Either it gives an integration that you can't do or provides, or that you don't have access to, or your LLM doesn't, or provides different reasoning or access to different data that isn't on the public internet. And so when you're curating and thinking about the problems to solve, this collection of experts that you can put in a toolchain can lead to a lot of success, we've found.

Steven McGill

Right. And so that shows an example of an MCP server filling in a knowledge gap that an LLM would otherwise have. And I want to sort of break, there's other reasons to use MCP servers, right? So I wanted to sort of break it down as, what are the major types of MCP server? How do they differ? Because there's a whole lot of MCP.

So I would say the majority of MCP servers that you go out and find are currently oriented around interfaces or actions, providing additional, basically providing an API that's easier for an AI tool to use. And so these are things like the GitHub MCP server that lets you create a pull request or do other things that the GitHub API would let you do. Jira will let you create an issue and interact with issues, again, in a similar way to the API would. Jenkins, you can trigger a build, right?

What we've seen today in the demo that Tyler just went through is a way to provide additional data to the MCP server, including, in this case, data that incorporates a lot of domain knowledge, right? A curated data set that's built up specific to a particular domain. There's some other MCP servers that provide access to a general store set of data. So like Elasticsearch, anything that you've indexed can be provided to the MCP server via their MCP connection.

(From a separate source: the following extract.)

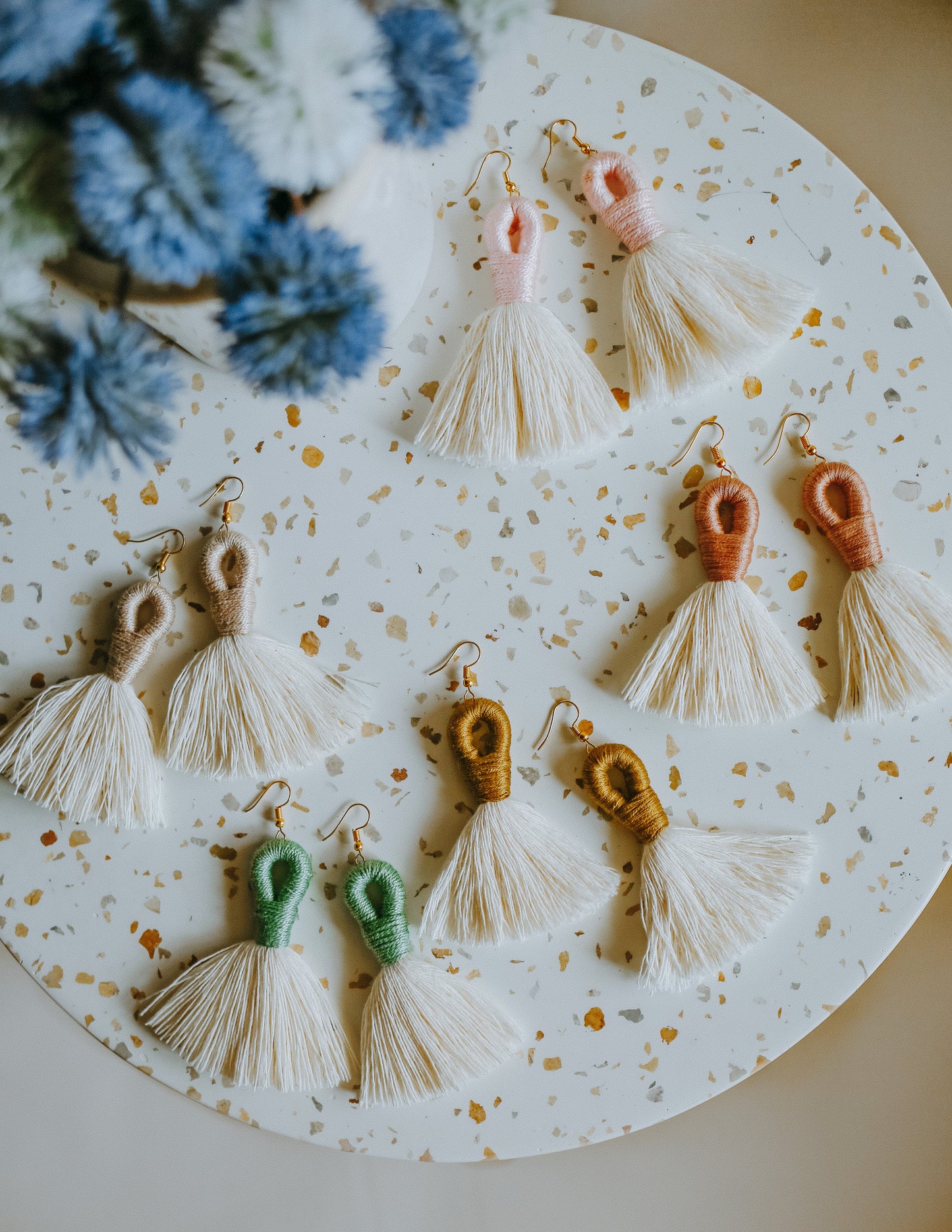 Fringe Earrings - Alabaster + Blush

But I think there's a lot of value, additional layer of value, to be accessed when you think about how can you pull in data using MCP. And I think, I've just listed these all as a flat, sort of like they all provide data, but I think there are distinctions, right? There's data just sort of like unformatted, unvetted data, but hey, here's some extra data, versus here's a curated collection of data that we have some confidence in and we know something about. Maybe humans have been involved in the generation of that. It's well structured, right? There's advantages to all of that. So all data is not the same.

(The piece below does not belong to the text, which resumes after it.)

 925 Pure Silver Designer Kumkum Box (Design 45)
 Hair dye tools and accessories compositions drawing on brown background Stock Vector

And then I think the next frontier potentially is MCP servers as a way to deliver additional reasoning to these agents, right? And Tyler hinted at some of this with, what's the best version, right? Best is like, there's some reasoning behind that, right? There's not just a clear answer. It's sort of situation dependent. And so being able to delegate questions like that via MCP to some sort of reasoning engine that maybe is not just doing LLM-type inference but doing additional domain-specific inference, I think is another place where we'll see a lot of potential and a lot of development, hopefully a lot of focus in the near term in the MCP space.

Tyler Warden

Yeah, I think it's just important that I think we'll probably just end up leaving it here, give you some time back. But I'll say that, look, as we kind of wrap it up, we see that there's MCP as an open source protocol that seems to be adopted. And then we see the most successful implementations are ones that solve a problem that the LLM isn't designed to solve, like an integration. So an LLM could use REST easier, and you can have control on it, or access to data or intelligence that they weren't trained or curated by individual knowledge or reasoning.

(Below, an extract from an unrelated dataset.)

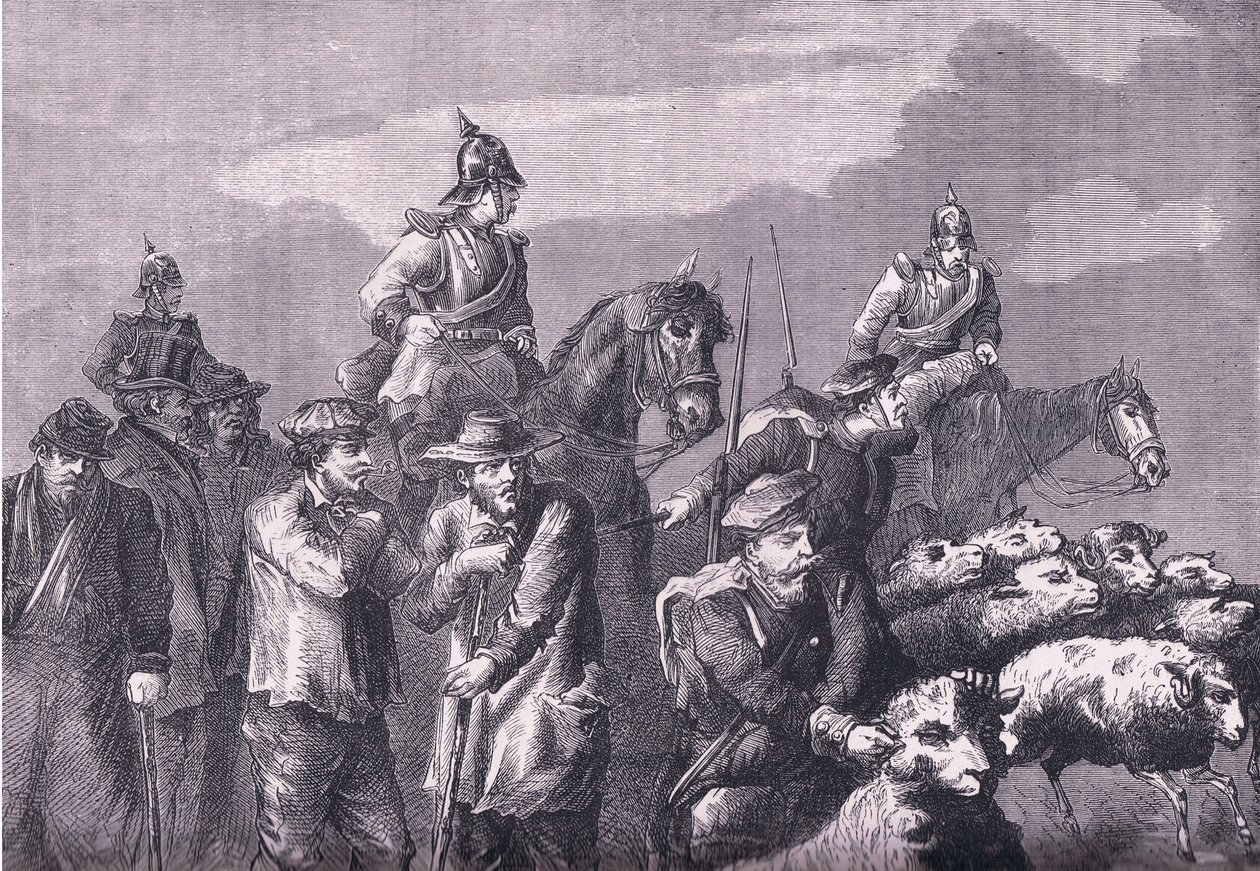 Um grupo de busca, Cassells History of the War between France and Germany publicado por Cassell and Company Limited, c.1890 (litho) de German School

So by finding servers that have, we see right now, a smaller, well-curated, well-loved number of tools that are designed to solve real specific problems leads to, I think, the easiest business case to get into your standard toolchain and real kind of differentiated acceleration for your businesses.

Yeah. So I think with that, we'll leave it here. Steve and I will be over here for questions. Thank y'all for coming. Hope you enjoy the show. Thank you.